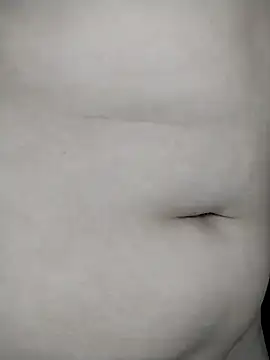 Snapshot of Vale_Saenzz chatting on February 2025 09:14:01 PM Vale Saenzz online show from February 2025 09:14:01 PM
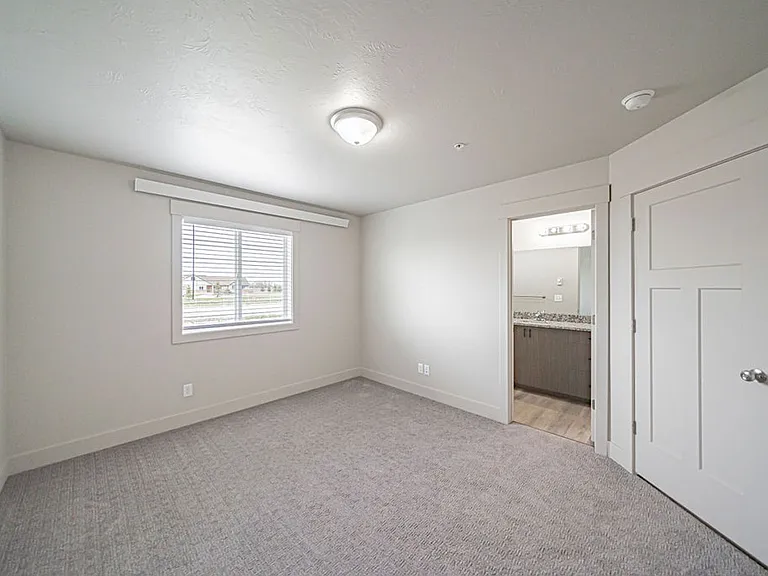 6097 N Silver Fox Rd — Photo 8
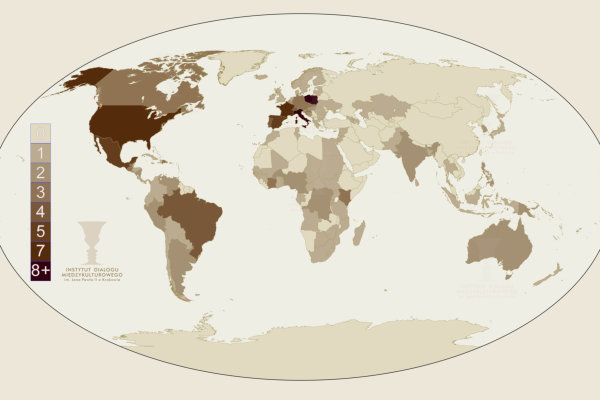 Mapa świata ze wskazaniem liczbowym pielgrzymek papieża Jana Pawła II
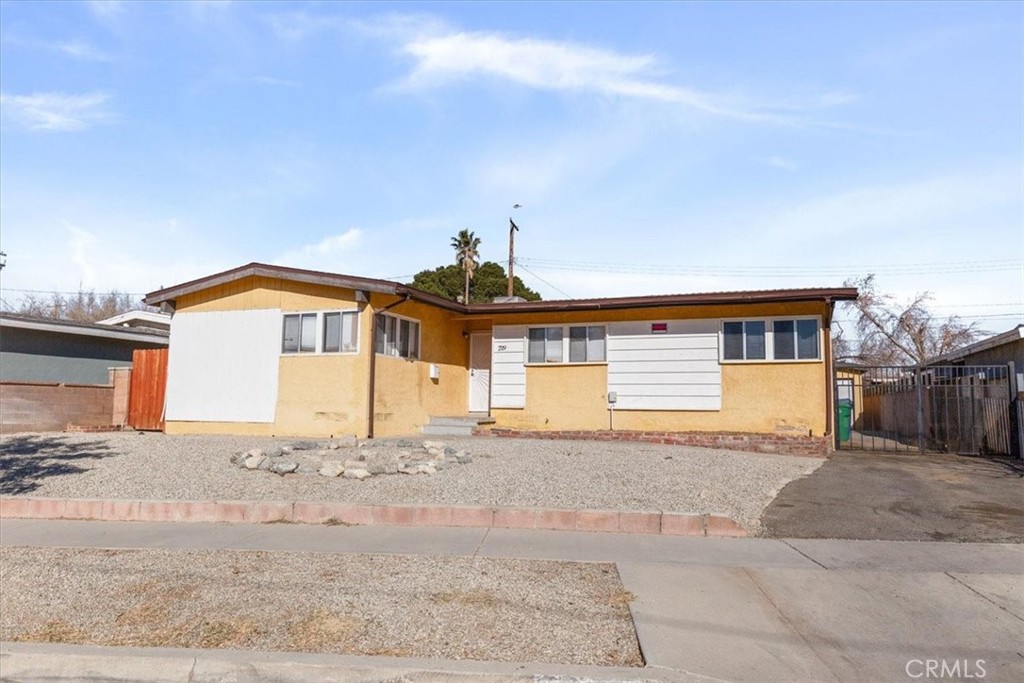 729 W Avenue H11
######
* Aim of the exercise: All lines from the one containing "6097 N Silver Fox Rd — Photo 8" through the end of the data are to be written out exactly, with nothing added; skip the pictures.

* Exercise answer:
 6097 N Silver Fox Rd — Photo 8
 Mapa świata ze wskazaniem liczbowym pielgrzymek papieża Jana Pawła II
 729 W Avenue H11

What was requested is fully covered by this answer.